2009年 5月 23日 (土)

       

■ 〈賢治の置土産〜七つ森から溶岩流まで〉109 岡澤敏男 賢治とエーシャ牛

 ■賢治とエーシャ牛

  賢治作品には豊かな馬の匂(にお)いがします。なかでも詩篇「北上山地の春」には洋種馬たちがさっそうと登場しているのです。ハックニー、サラブレッド、アングロアラブの華麗なギャロップ、そして鼻息荒い重挽馬(ペルシロン)の波打つ白い尾など。賢治はそれぞれの馬種の性向を巧みにとらえ描いています。

  馬に引き替え、牛のにおいはさっばりしません。たしかに童話「黒ぶだう」のように仔牛が主役でたのしい作品もあるが、たいていは〈牛やアミーバ〉とか〈牛や馬〉などという並立名詞や、「牛肉」「牛の糞」「牛の皮」といった物質用語に出てくる語彙(ごい)ばかりで生き生きとした牛のイメージが感じられないのです。

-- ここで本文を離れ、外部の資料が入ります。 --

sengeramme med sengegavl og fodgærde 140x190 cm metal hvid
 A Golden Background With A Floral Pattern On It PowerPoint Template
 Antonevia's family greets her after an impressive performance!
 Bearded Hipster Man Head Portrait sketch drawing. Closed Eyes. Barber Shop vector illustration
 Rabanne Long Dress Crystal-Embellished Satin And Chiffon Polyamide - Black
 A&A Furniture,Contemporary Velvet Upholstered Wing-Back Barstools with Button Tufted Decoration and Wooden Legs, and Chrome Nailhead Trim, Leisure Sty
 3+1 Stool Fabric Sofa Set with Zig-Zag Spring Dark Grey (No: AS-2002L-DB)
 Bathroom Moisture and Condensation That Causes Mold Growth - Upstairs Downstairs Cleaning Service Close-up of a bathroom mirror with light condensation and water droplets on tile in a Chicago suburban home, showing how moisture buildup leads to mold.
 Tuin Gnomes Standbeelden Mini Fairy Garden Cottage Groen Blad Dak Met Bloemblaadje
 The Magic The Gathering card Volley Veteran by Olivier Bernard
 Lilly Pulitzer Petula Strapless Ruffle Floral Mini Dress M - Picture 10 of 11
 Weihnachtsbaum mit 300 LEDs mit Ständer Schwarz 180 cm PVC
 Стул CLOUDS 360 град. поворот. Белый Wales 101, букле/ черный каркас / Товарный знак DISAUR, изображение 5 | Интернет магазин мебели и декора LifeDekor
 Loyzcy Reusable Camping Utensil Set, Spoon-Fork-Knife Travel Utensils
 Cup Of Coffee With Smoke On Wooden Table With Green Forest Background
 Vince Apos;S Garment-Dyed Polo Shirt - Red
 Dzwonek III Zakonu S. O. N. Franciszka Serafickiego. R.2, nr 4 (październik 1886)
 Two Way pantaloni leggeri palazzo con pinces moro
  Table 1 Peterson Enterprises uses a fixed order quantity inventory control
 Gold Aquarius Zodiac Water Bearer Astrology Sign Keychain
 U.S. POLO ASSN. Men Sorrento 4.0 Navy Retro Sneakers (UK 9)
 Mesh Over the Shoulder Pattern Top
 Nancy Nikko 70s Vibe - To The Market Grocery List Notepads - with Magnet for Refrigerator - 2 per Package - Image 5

  そうしたなかで、珍しく牛の匂いのただよう詩が一篇だけみられます。「春と修羅 第二集」一二六の「牛」というつぎの作品です。
 
  一ぴきのエーシャ牛が
  草と地靄(もや)に角を
  こすってあそんでゐる
  うしろにはパルプ工場の
  火照りが
  夜なかの雲をこがしてゐ
  るし
  低い砂丘の向ふでは
  海がどんどん叩いてゐる
  しかもじつに掬っても呑
  めさうな
  黄銅の月あかりなので
  牛はやっぱり機嫌よく
  こんどは角で柵を叩いて
  あそんでゐる
   (大正13年5月22日)

  これは教え子の就職あっせんで大正12年8月に樺太の豊原にある王子製紙工場をたずねた時の回想でしょう。パルプ工場の火照りを背景にして朧(おぼろ)月夜の草原に機嫌よく遊ぶエーシャ牛を眺めて懐旧の思いがあったのです。賢治がエーシャと表記したのはAyashire(エァーシャ)の「ya」を無声音化したとみられます。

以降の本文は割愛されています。